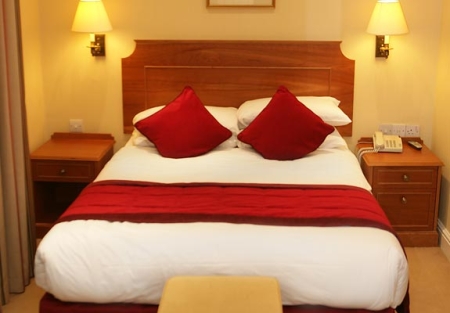 Byron Hotel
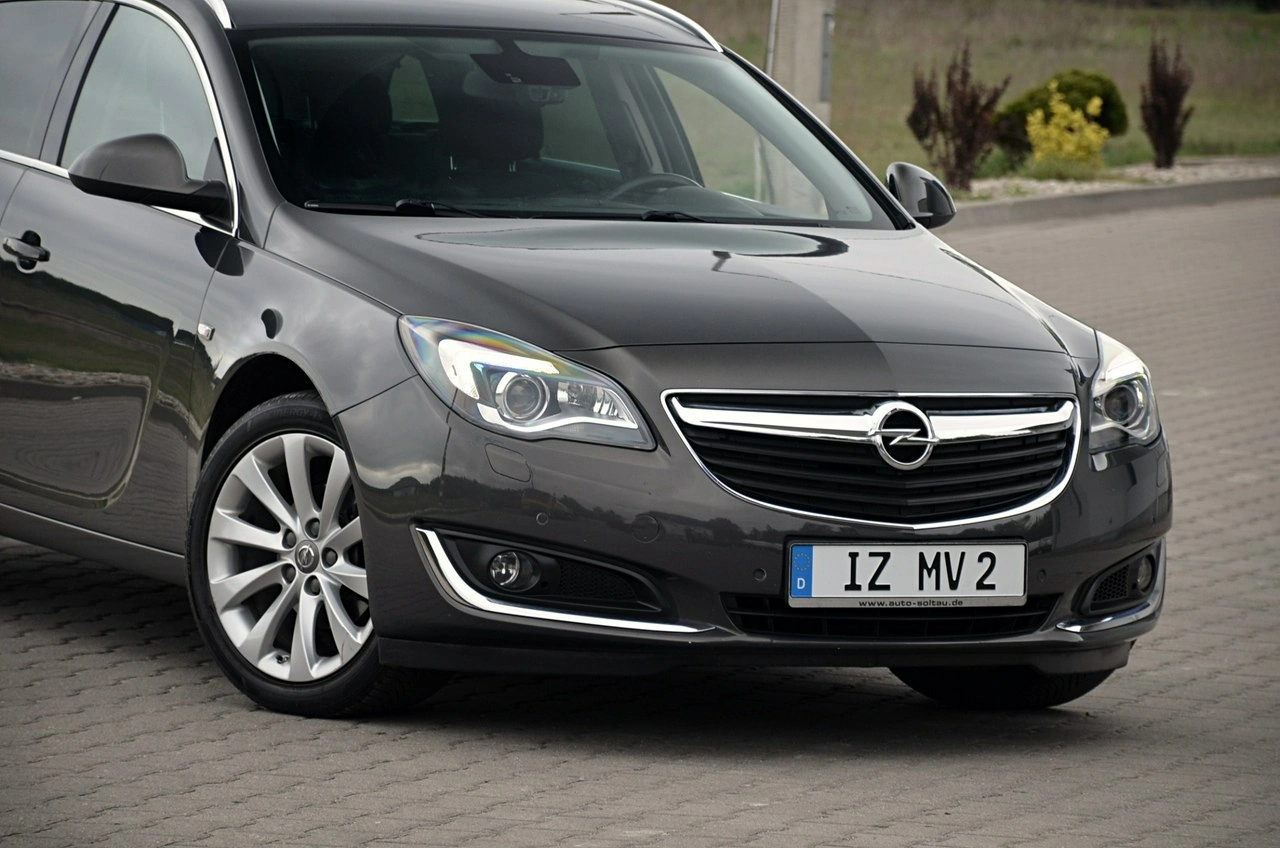 Opel Insignia Sports Tourer - Zdjęcie 2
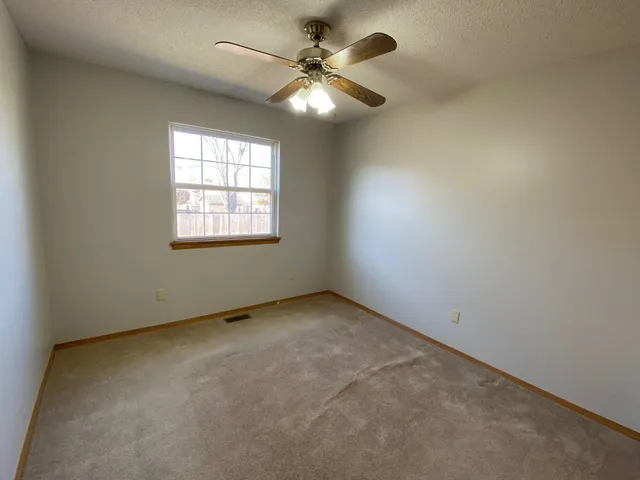 $220,000 | 810 Lakepoint Drive, Augusta, KS 67010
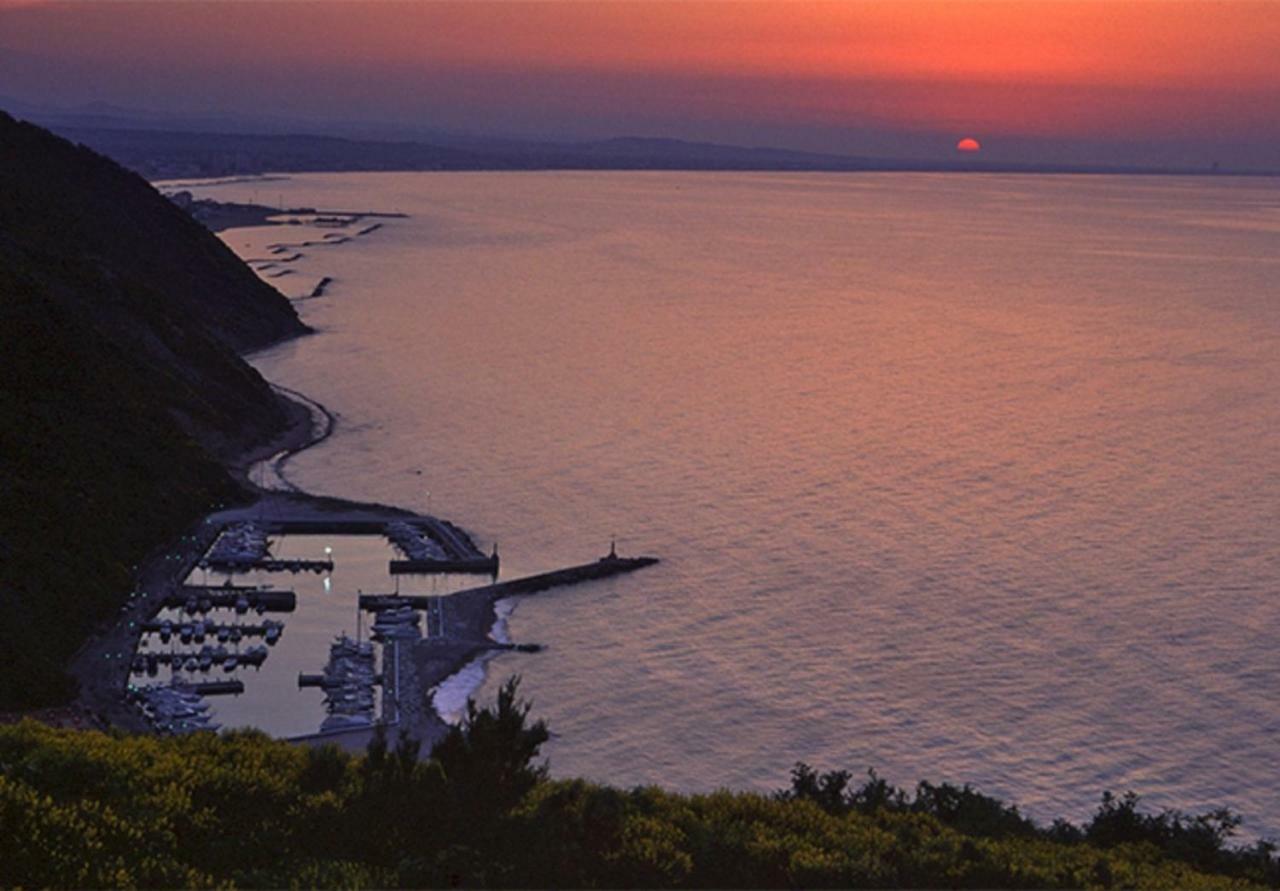 Апарт отель Casamare Gabicce Габичче-Маре Экстерьер фото
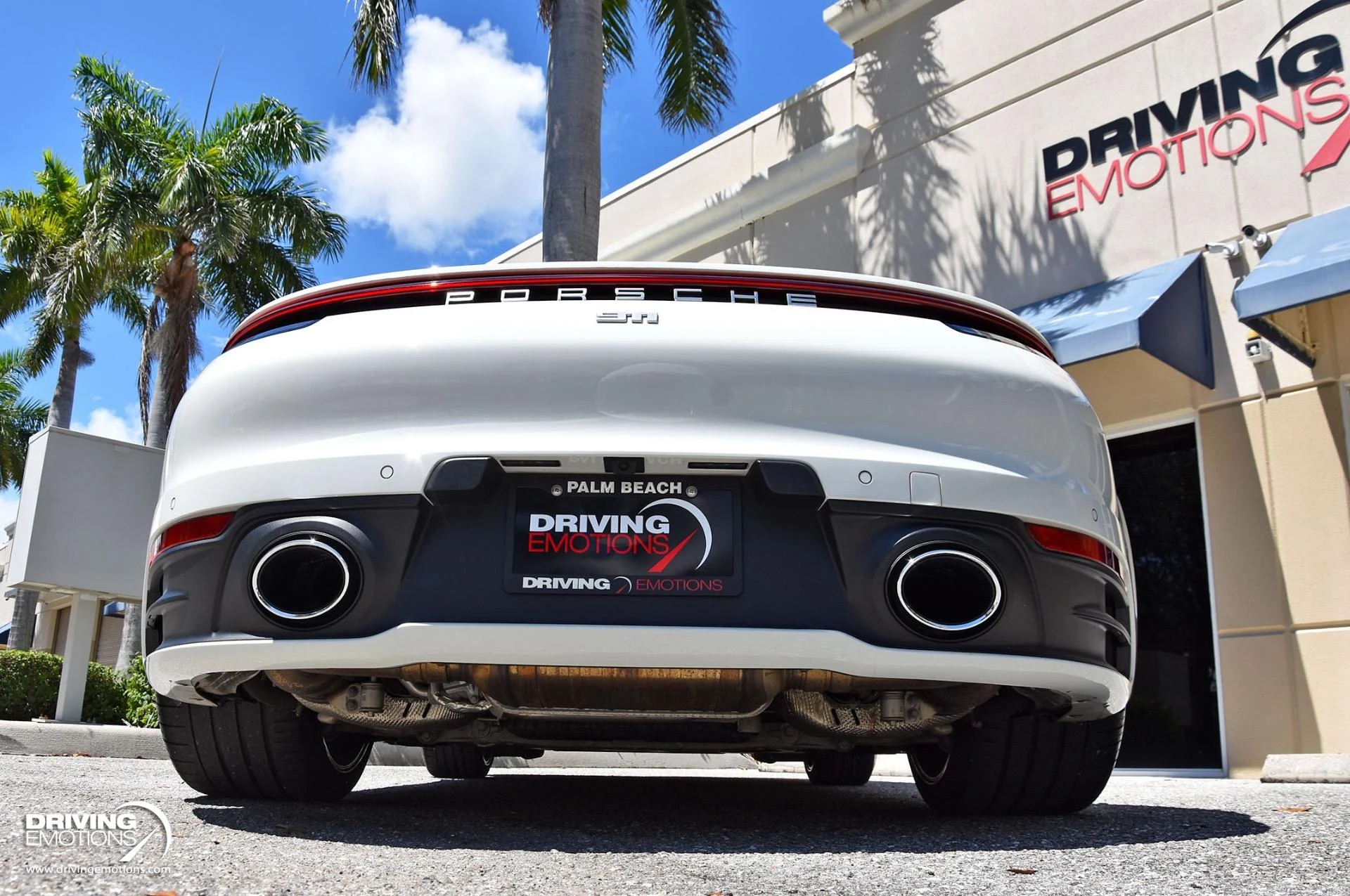 mph033_783683336_865_p34_l_b717e1076d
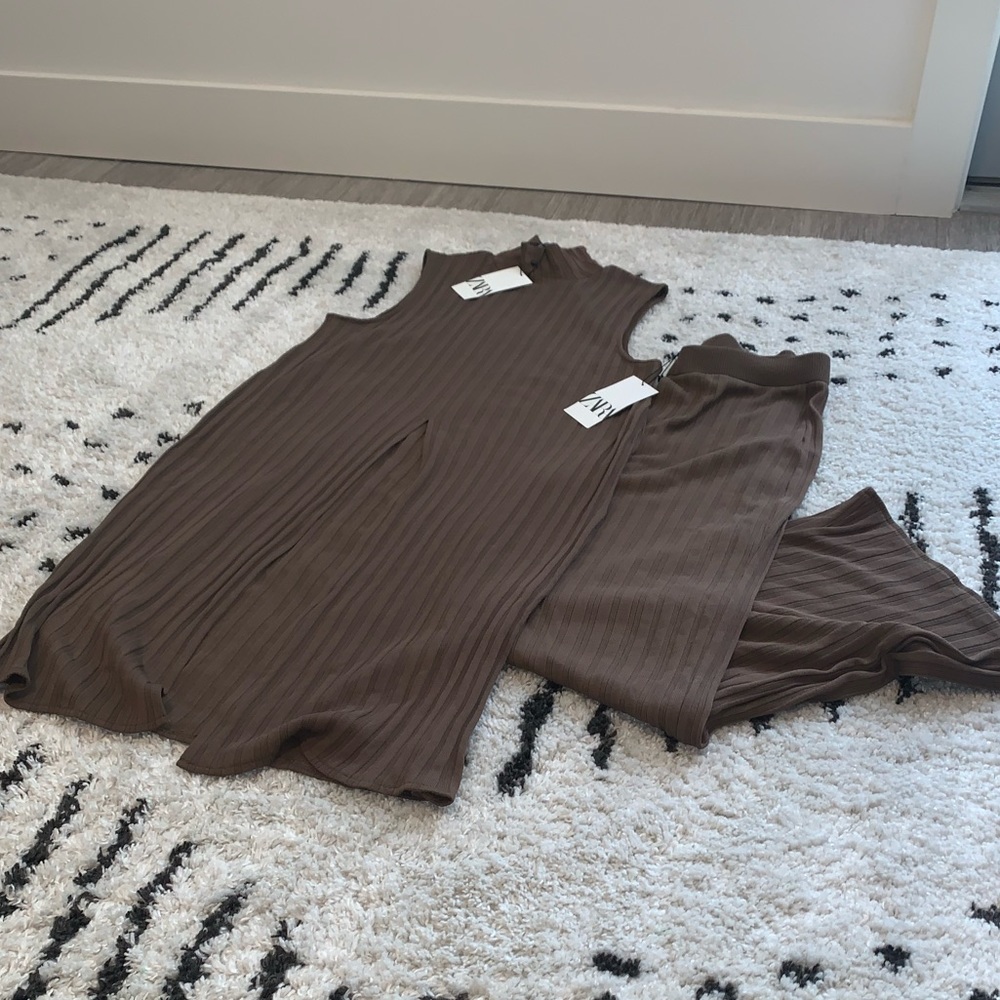 🆕 Zara 2-Piece Slit Ribbed Tunic & Flared Ribbed Pants Set SIZE Large - Picture 9 of 13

- _What you have to do_: Above are the records; transcribe them exactly without the pictures.

- _Completed exercise_:
 Byron Hotel
 Opel Insignia Sports Tourer - Zdjęcie 2
 $220,000 | 810 Lakepoint Drive, Augusta, KS 67010
 Апарт отель Casamare Gabicce Габичче-Маре Экстерьер фото
 mph033_783683336_865_p34_l_b717e1076d
 🆕 Zara 2-Piece Slit Ribbed Tunic & Flared Ribbed Pants Set SIZE Large - Picture 9 of 13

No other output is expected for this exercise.